Unlike in the US, where companies that outperformed within sales growth were concentrated within the tech sector, European sales growth outperformance took place in several sectors. In the German utilities sector, Uniper SE (+54%) announced expected profits to exceed over $2B through 2024, confirming the replacement of Russian Gas supply is not only complete, but profitable. Other names like auto manufacturer, BMW (+5%), and eye care device company, Alcon AG (+6.45%), supported this outperformance.
Investors have clearly shifted away from defensive positions in Value and Yield and once again embraced growth equities, with an emphasis on high quality growth similar to other regions. Specifically, companies with high returns on equity and stable earnings delivered outperformance by 110 bps and 50 bps, respectively.
In the UK, the trend in factor performance closely followed that of Europe, albeit to a greater extent. Investors avoided volatility and favored growth subfactors (apart from dividend growth, which is strongly correlated with Yield), which outperformed by at least 80 bps. This contrasts Europe, where the highest outperforming subfactor was sales growth over five years, delivering excess returns of 60 bps.
This trend is a continuation of what was observed in March, where Value and Yield factors underperformed. However, in the current month, the outperformance realized by Quality stocks, particularly those which also have high growth prospects, significantly surpassed the returns witnessed in March.
Companies with high returns on equity that delivered excess returns include industrial equipment rental company, Ashtead Group (+5.5%); infrastructure-focused private equity firm, 3I Group (+9%); and infrastructure company delivering plumbing and heating products, Ferguson (+3%).
While Value and Yield factor had been dominant in Emerging Markets equities year-to-date, the factor premium in the region experienced a significant decrease this month, amounting to just 30bps. This represents just 15% of the premium achieved by companies with a strong dividend yield in April.
The overall trend in factor performance aligns with the pattern observed over the last two months, albeit to a much smaller extent. Value and Quality factors realized slight outperformance along with companies with forecasted revisions over the next 12 months.
Emerging Markets Equities
However, there were notable exceptions to this trend. The performance of companies with favorable dividend yields reversed, and there was a sudden outperformance of stocks with a high market beta, subfactor of Volatility. These exceptions suggest investors in Emerging Markets have gradually begun to shift away from a strong defensive position, opting for a controlled increase in risk.

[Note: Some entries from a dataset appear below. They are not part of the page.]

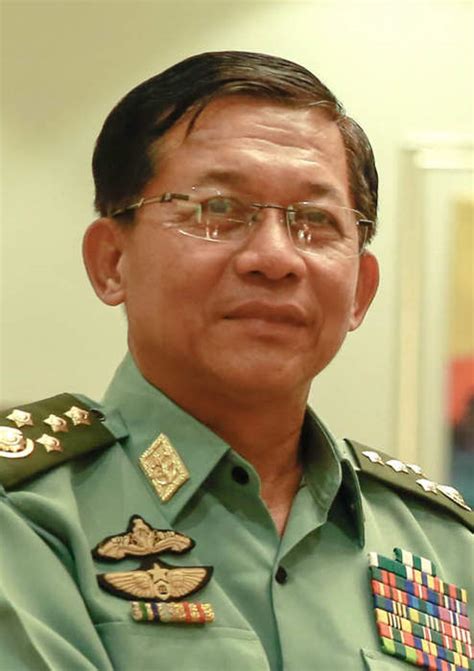 He rose to prominence in 2009 when he led an offensive against the insurgent. Min Aung Hlaing Facts and News Updates | One News Page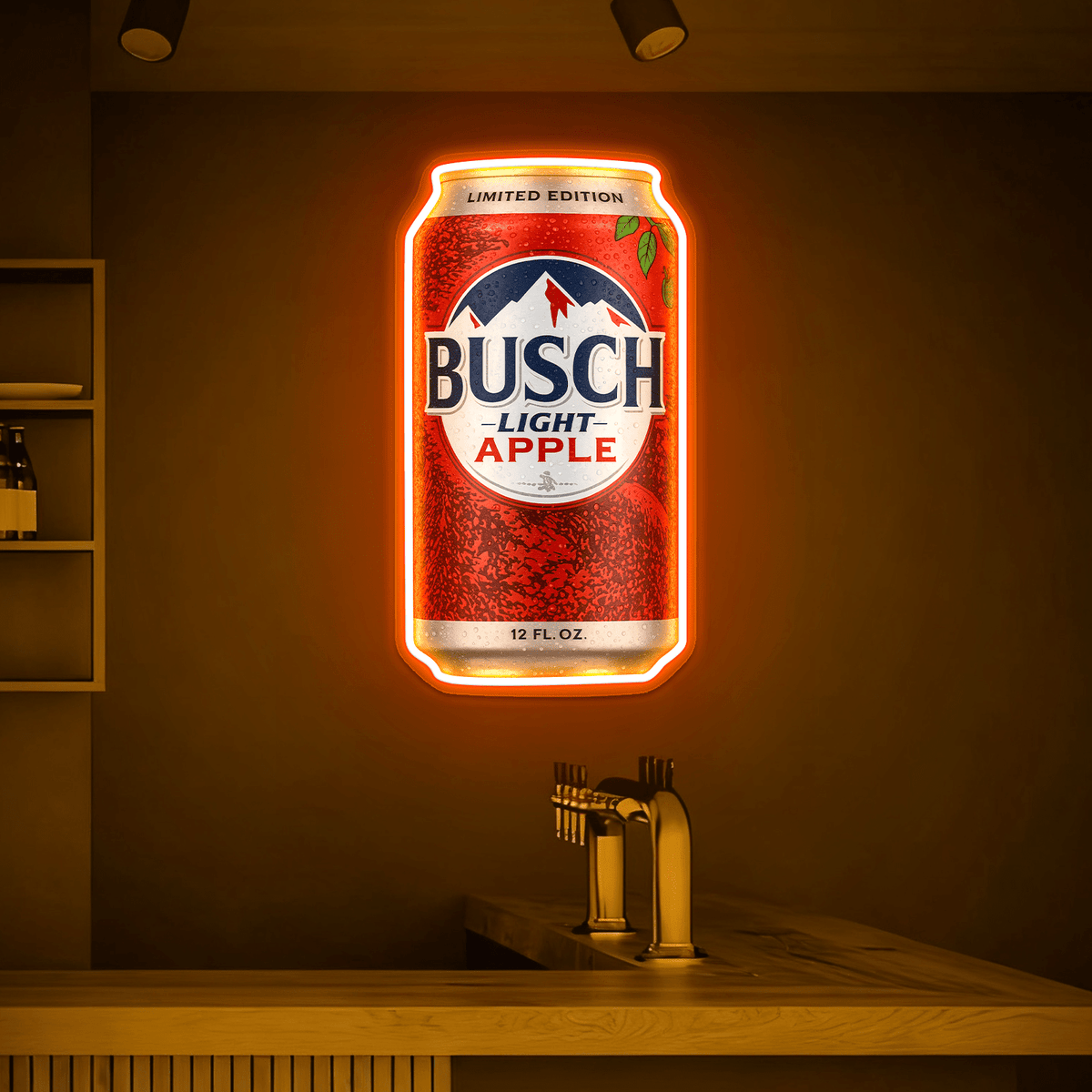 Beer LED Neon Sign for Bar, Man Cave, Garage & Gifts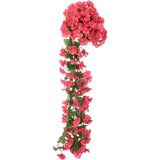  Božična cvetlična girlanda 3 kosi rožnata 85 cm, (21415666) | Shoptok.si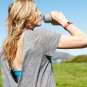 Fitbit Charge HR Wireless Activity Wristband (Tangerine, Small (5.4 - 6.2 in))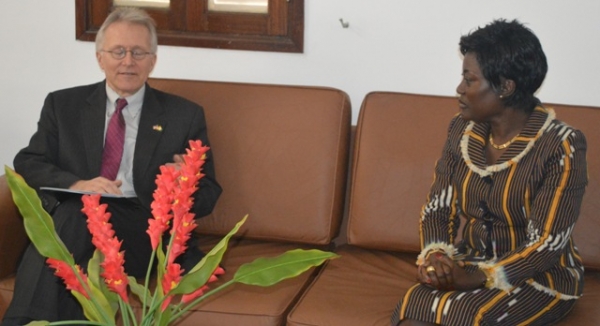 Terence Mc-Culley (Ambassadeur des USA) : &quot;La cohésion sociale est la fondation de la réconciliation en Côte d’Ivoire&quot;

In Canada, the factor performance trend mirrored that of the US and Europe, with some small variations, while equity returns aligned with those of the European market. Unlike Europe, investors especially focused their attention on companies with low levels of debt, while other measures of Quality such as stability, profitability and return on equity, underperformed.
Apart from the outperformance of stocks with a low gearing ratio, the overall trend in Canada matched that of the US. There was a focus on forecasted growth as well as short-term and long-term volatility, all of which surpassed the performance of the overall Canadian market by at least 50 bps.
Appendix: How to read the charts
Each factor’s performance is based on the relative performance of its top 50% of stocks by market cap, compared to the overall market. The Size factor uses the top 70% of stocks, as the only exception.
For example, for the book-to-price factor, we determine the period’s performance of the basket of stocks with the highest book-to-price values, relative to the total market. Each factor is analyzed independently, market and fundamental data are adjusted to enable sector-average (within each country) relative data to be used, and the performance measurement isolates the factor’s contribution to return.